Sur la place de l’Hôtel de Ville, le soleil me jette du rouge dans les yeux et me sèche la langue dans la bouche. J’ai couru à la Steccata, comme si elle pouvait encore sonner l’angélus de l’amour. C’est l’heure de midi, où les églises sont fermées. Je désespère, et je tiens bon contre la rage du ciel chauffé à blanc. Je ne veux rien voir qu’une rue droite, qui traverse la place, et qui va d’un bout à l’autre de la ville. Or, elle mène aussi à Rome, n’étant rien moins que la Via Æmilia. Dans Parme, elle a bien deux milles, et deux mille ans. Je la salue avec révérence, et le nom qu’elle porte, de ces fameux Emiles. Elle me fait oublier un détestable palais et deux statues bouffonnes, Garibaldi et Corrège. Ce Garibaldi, que n’a-t-il vécu éternellement, pour ne point se survivre dans une postérité de bronze et de pierre, plus nombreuse que les sables de la mer ou la famille d’Abraham. Et ce n’est rien du bon Garibaldi, près des deux rois à pied et à cheval, casqués, toujours à l’assaut de leurs propres moustaches, le nez féroce, humant à perpétuité les pétarades de leur rosse, la queue verticale, pour mieux laisser cuire, où il sied, le poivre de la victoire.

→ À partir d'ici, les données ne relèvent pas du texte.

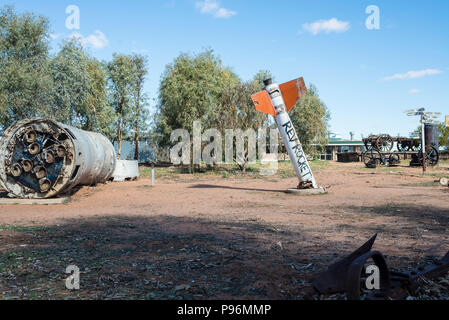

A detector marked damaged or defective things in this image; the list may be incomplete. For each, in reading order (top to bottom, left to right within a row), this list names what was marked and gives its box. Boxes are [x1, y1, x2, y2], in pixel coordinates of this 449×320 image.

rusted machinery wheel [374, 134, 392, 151]
rusty cylindrical tank [0, 119, 115, 199]
rusted machinery wheel [362, 149, 380, 169] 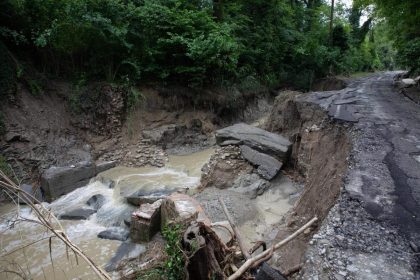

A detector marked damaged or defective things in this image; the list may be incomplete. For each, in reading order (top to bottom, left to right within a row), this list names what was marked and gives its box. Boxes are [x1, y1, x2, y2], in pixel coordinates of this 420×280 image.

broken concrete slab [215, 123, 290, 162]
broken concrete slab [41, 160, 115, 201]
broken concrete slab [240, 145, 282, 180]
broken concrete slab [97, 226, 129, 242]
broken concrete slab [131, 199, 162, 243]
broken concrete slab [161, 192, 210, 228] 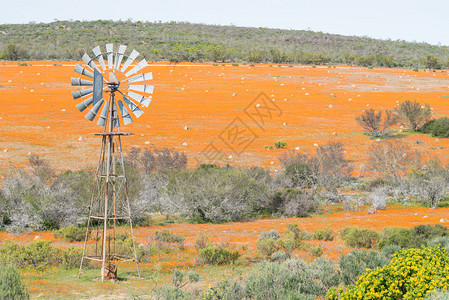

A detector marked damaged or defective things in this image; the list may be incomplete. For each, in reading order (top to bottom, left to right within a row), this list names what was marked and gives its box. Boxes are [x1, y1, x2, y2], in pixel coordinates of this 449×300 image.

rusty windmill [70, 44, 154, 282] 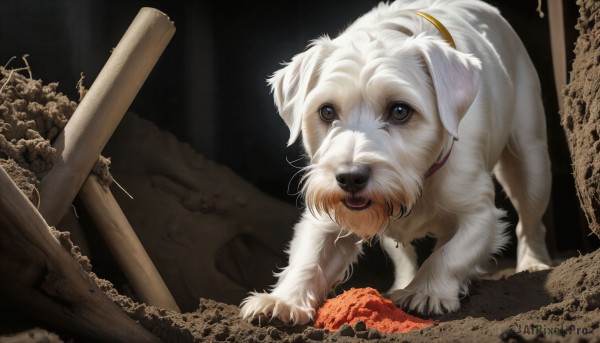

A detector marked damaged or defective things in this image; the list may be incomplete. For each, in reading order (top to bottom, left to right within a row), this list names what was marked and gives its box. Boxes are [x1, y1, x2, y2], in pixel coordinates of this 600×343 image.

broken wood piece [37, 7, 176, 226]
broken wood piece [0, 165, 161, 342]
broken wood piece [79, 176, 180, 314] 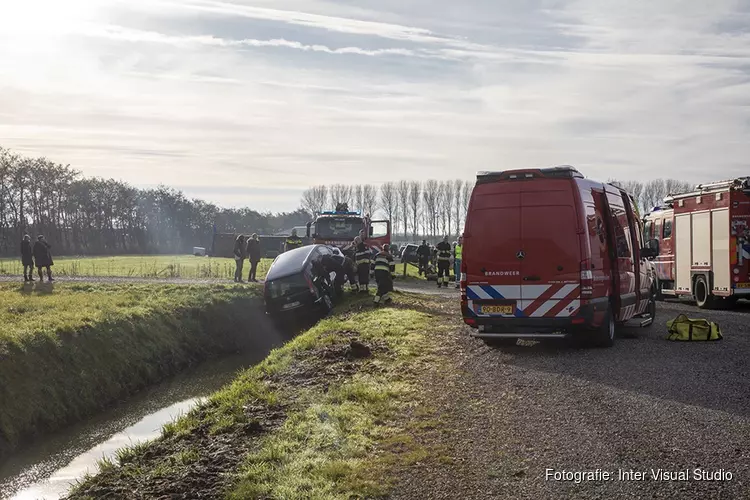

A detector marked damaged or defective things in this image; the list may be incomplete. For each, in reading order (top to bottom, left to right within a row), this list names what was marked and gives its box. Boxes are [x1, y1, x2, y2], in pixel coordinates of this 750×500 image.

J’entre enfin à la Steccata. Je cherche Clelia et Fabrice, et ne les y trouve point. Dans cette église pompeuse, je marche avec amour. Pas une belle chapelle ; pas un beau pilier dans la nuit d’une nef, pour se baiser aux lèvres. Pas une ombre où se tenir les mains. Les orages de la passion seraient glacés sous l’œil froid de cette coupole.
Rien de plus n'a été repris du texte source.